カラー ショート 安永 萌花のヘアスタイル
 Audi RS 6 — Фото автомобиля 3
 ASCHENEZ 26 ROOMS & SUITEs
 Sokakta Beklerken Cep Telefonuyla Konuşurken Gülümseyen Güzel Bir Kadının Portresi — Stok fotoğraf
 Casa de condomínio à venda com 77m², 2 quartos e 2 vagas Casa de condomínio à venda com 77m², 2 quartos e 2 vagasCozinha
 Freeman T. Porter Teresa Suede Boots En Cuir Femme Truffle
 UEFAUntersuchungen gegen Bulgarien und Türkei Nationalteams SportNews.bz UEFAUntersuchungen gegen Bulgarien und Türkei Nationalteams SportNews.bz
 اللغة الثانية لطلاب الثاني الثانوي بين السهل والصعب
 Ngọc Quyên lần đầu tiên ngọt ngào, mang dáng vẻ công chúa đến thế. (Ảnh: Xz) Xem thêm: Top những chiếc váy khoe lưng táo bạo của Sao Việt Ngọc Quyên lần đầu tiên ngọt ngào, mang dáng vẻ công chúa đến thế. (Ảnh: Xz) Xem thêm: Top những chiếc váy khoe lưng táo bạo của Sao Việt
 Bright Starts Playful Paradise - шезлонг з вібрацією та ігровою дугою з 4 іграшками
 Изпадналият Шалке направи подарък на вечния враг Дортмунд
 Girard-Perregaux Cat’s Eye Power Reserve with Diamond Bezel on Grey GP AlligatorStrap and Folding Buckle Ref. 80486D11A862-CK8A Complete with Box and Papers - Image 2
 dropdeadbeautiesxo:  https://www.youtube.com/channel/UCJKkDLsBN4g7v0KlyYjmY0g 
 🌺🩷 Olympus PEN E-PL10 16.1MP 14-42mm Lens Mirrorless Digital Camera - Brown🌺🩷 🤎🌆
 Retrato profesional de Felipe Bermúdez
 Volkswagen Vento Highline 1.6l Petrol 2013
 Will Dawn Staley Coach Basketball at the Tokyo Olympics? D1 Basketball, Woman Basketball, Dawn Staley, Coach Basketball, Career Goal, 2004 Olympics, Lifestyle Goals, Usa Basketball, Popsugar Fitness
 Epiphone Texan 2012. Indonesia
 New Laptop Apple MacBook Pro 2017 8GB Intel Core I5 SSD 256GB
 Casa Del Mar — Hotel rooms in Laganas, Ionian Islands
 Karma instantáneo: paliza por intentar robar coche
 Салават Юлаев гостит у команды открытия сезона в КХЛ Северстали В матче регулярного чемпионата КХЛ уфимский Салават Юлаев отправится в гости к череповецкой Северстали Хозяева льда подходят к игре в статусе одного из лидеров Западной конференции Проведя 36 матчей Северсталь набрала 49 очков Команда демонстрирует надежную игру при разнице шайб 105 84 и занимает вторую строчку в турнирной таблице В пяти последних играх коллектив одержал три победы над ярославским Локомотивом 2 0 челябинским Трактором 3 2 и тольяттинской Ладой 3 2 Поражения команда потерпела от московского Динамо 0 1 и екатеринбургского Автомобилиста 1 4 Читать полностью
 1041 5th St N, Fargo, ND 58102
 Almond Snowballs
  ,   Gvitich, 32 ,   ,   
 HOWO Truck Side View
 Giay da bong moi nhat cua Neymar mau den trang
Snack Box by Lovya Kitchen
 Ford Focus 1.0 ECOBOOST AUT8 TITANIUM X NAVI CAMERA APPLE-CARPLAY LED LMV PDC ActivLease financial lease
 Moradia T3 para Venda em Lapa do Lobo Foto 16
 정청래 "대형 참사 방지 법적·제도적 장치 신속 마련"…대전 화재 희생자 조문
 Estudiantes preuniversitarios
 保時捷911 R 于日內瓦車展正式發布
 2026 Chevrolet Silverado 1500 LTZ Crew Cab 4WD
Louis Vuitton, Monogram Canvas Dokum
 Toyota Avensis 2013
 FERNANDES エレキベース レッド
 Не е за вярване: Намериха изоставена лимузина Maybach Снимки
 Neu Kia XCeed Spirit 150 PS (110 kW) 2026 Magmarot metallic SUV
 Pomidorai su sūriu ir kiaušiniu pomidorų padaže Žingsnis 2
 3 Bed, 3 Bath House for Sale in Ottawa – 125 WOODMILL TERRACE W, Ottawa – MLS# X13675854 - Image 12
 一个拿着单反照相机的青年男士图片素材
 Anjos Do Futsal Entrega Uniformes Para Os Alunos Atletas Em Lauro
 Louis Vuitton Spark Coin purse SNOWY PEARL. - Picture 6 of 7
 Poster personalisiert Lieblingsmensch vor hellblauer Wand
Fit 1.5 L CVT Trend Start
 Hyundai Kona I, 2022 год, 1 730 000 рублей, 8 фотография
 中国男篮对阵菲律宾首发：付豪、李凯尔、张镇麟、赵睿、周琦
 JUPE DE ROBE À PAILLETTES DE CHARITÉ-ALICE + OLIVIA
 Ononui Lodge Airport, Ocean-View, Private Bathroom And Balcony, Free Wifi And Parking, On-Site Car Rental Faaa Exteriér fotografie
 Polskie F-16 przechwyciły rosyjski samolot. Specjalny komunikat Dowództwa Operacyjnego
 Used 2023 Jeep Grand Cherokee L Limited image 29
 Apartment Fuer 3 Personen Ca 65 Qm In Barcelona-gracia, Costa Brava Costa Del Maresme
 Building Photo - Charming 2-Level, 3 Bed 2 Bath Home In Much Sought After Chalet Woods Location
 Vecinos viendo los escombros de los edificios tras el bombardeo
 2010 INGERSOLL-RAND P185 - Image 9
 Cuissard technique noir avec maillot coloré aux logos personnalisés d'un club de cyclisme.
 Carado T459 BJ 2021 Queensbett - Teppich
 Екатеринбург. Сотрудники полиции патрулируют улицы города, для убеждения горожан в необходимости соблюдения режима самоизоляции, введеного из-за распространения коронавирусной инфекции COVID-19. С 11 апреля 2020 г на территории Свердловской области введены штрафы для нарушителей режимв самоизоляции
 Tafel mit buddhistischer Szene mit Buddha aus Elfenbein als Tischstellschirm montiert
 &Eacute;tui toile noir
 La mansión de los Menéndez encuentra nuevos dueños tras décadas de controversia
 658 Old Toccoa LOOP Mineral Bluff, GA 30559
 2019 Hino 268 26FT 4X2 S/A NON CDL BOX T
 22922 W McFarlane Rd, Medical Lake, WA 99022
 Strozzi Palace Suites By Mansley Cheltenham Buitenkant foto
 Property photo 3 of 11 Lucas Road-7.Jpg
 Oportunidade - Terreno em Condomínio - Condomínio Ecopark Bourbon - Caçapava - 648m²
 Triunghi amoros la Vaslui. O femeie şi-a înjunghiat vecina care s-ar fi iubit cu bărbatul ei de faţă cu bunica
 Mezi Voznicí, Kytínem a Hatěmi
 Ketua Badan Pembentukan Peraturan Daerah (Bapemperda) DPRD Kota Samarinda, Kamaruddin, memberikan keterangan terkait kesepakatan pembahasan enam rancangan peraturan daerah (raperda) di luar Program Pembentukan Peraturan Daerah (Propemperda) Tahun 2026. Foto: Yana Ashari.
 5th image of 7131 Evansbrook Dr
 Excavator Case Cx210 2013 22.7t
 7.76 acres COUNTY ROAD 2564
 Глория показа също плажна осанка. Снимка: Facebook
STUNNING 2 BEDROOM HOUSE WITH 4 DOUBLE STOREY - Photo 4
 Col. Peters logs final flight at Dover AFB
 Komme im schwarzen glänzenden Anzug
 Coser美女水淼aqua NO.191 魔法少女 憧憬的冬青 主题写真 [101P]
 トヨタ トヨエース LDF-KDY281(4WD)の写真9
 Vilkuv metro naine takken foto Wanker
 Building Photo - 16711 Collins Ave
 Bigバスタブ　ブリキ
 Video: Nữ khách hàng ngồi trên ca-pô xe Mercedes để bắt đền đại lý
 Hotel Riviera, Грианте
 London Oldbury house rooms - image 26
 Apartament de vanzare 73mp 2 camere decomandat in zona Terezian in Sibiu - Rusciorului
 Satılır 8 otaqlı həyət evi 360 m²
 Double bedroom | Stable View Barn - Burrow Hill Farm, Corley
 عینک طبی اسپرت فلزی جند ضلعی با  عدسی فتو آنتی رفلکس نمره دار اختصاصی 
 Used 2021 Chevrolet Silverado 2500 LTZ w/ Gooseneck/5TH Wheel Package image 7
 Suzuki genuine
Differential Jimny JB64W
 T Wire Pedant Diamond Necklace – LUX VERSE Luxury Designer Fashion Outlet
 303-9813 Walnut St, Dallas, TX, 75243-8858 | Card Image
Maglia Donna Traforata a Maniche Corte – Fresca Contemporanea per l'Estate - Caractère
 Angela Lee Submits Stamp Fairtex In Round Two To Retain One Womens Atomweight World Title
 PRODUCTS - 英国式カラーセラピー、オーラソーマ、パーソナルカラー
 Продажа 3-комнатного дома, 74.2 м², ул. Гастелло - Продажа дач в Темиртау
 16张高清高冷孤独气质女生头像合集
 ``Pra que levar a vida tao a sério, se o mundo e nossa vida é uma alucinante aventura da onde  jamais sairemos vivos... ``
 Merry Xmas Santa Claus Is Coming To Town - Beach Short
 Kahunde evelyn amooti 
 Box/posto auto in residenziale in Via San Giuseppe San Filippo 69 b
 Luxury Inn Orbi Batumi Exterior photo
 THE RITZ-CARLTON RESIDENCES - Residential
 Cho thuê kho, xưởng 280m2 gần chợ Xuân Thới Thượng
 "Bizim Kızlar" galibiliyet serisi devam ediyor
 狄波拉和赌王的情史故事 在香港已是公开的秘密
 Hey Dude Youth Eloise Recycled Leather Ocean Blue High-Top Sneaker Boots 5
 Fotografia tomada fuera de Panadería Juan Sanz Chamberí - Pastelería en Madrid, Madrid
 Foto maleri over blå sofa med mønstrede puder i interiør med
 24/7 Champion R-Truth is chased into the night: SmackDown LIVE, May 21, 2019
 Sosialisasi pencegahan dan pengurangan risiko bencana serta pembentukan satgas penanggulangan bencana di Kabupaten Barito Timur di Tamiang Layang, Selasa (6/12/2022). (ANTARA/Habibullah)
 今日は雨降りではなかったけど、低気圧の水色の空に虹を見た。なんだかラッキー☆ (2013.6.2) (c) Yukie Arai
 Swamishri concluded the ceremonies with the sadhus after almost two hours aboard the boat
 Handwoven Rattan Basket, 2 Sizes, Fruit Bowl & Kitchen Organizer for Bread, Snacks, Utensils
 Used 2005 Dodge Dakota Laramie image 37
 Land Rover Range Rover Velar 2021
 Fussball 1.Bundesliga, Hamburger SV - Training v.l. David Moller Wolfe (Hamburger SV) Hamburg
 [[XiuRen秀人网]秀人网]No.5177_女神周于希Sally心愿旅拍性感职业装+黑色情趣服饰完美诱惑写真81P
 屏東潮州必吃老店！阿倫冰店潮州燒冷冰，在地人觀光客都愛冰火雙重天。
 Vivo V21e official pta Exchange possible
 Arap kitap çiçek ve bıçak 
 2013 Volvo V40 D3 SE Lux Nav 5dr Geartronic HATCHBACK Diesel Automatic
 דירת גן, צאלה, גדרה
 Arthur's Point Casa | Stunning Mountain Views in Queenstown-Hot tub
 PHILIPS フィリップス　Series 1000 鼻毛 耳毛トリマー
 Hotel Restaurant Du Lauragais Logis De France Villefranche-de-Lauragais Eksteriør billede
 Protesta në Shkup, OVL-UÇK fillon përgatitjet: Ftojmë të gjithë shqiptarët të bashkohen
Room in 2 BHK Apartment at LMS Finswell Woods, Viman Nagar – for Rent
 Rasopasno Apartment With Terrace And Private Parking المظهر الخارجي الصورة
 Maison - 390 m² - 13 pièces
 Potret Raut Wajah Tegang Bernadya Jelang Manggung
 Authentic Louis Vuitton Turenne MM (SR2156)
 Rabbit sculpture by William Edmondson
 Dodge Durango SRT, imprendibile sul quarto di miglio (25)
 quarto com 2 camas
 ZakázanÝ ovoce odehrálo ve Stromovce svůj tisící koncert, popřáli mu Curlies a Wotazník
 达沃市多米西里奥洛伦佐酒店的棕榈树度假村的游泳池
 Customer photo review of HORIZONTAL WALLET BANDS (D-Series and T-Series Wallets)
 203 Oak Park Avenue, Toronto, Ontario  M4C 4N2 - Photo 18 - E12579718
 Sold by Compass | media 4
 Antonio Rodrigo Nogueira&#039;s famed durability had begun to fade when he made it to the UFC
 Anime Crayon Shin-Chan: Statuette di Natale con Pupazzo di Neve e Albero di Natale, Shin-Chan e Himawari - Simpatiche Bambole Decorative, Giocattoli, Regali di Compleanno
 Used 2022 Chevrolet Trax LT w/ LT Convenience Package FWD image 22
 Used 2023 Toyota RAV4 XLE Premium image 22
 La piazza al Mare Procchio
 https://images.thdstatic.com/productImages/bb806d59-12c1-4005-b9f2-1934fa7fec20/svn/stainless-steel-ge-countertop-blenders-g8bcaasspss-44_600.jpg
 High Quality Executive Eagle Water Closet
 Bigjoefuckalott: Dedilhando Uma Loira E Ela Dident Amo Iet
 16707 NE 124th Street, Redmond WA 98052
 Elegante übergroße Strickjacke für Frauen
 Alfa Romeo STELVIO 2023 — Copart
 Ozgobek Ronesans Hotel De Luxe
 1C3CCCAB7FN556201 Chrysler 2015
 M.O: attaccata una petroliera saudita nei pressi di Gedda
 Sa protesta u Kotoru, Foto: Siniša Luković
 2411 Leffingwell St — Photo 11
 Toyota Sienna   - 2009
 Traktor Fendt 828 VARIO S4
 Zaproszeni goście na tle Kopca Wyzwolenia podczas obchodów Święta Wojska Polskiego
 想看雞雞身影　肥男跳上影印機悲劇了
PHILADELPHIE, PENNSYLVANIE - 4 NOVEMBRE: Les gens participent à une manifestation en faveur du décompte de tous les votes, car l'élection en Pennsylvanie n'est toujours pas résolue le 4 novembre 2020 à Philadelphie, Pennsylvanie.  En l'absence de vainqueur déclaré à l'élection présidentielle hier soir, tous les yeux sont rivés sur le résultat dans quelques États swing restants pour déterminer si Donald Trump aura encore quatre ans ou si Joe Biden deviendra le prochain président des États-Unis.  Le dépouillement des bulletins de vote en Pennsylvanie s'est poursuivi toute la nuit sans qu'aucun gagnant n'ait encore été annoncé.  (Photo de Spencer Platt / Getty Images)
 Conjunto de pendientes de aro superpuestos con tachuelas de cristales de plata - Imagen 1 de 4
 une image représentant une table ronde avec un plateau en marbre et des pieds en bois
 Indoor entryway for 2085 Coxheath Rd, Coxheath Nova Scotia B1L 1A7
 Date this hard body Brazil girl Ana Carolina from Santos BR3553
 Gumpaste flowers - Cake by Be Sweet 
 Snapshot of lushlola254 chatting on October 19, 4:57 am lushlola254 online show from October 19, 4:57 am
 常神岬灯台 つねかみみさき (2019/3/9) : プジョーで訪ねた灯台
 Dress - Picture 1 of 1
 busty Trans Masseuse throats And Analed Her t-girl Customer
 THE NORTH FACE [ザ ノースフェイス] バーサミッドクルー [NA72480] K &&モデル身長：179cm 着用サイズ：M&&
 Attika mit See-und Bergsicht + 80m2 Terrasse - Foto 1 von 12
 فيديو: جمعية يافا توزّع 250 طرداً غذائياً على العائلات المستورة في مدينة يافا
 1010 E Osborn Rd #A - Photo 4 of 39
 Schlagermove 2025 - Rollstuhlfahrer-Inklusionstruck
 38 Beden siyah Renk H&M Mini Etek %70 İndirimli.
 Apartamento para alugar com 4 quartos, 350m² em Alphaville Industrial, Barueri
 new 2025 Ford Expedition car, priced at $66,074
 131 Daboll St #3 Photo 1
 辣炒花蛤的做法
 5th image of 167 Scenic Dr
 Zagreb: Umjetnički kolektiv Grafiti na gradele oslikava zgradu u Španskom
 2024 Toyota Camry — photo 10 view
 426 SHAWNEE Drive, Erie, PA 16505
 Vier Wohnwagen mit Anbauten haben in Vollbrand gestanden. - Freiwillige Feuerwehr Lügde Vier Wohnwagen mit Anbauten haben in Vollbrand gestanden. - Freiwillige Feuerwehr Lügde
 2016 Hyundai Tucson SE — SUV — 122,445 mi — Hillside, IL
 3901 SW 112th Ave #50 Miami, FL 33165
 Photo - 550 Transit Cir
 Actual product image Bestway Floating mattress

------------------------------------------------------------

- Required action
Copy every line above that includes the string "Woods".

- Exercise result
 Building Photo - Charming 2-Level, 3 Bed 2 Bath Home In Much Sought After Chalet Woods Location
Room in 2 BHK Apartment at LMS Finswell Woods, Viman Nagar – for Rent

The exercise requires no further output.